Le leadership en politique ne consiste pas à prendre des décisions au nom du peuple, mais à enclencher des processus avec le peuple ; si on le traite en adulte, il se comportera en adulte. Ne serait-il pas temps que les politiciens fassent confiance aux citoyens, et leur donnent le pouvoir, pour que ce pouvoir soit équitable ?

Elus

Depuis deux siècles, le système représentatif a installé la conviction que les affaires publiques ne peuvent être gérées que par des individus exceptionnels. Le grand reproche que ces individus font au tirage au sort est l’incompétence supposée des personnes non élues ! Les mêmes raisons étaient avancées contre le droit de vote des ouvriers ou des femmes, il n’y a pas si longtemps. Les élus, tout comme les non-élus, ne sont pas toujours compétents, ils s’entoureraient d’équipes d’experts, à condition bien-sûr, que ces derniers ne soient pas eux-mêmes sous l’influence des lobbies, bien trop puissants aujourd’hui.

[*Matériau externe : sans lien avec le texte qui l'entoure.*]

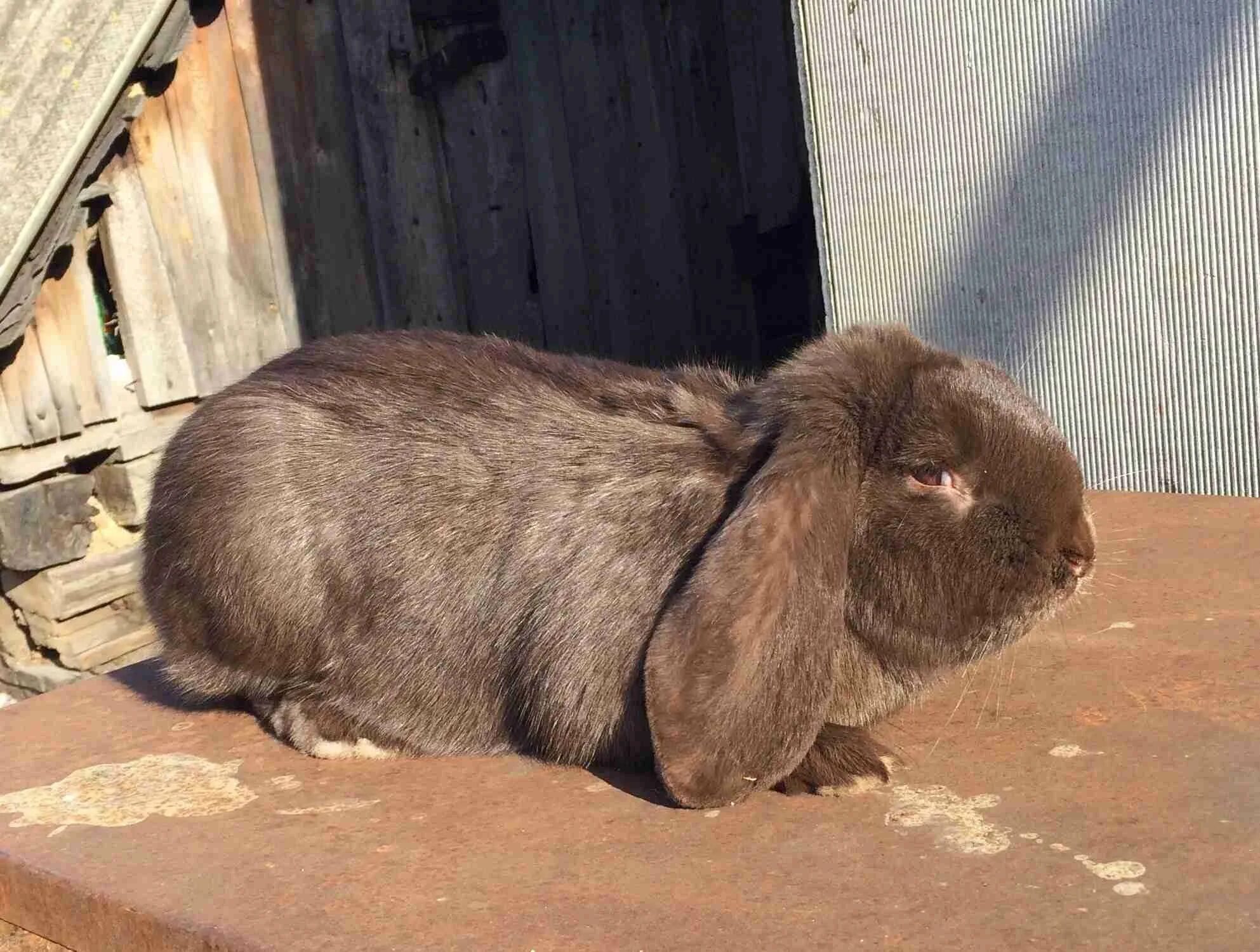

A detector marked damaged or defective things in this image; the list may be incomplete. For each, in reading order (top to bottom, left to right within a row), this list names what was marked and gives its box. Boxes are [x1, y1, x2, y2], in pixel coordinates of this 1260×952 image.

Il y a encore place pour des réflexions sur ce sujet…

Tirés au sort

Plusieurs expériences de tirage au sort sont mises en pratique aujourd’hui en Irlande, en Islande, au Danemark, en Belgique germanophone, à divers niveaux. Le travail entre élus et citoyens non élus permet des discussions sereines. Les « tirés au sort » n’ayant pas peur de ne plus être réélus, ils peuvent donc penser à long terme. Ce travail en commun permettrait de rétablir un certain calme. Les politiciens élus, se sentiraient épaulés par une assemblée où l’intérêt général prime.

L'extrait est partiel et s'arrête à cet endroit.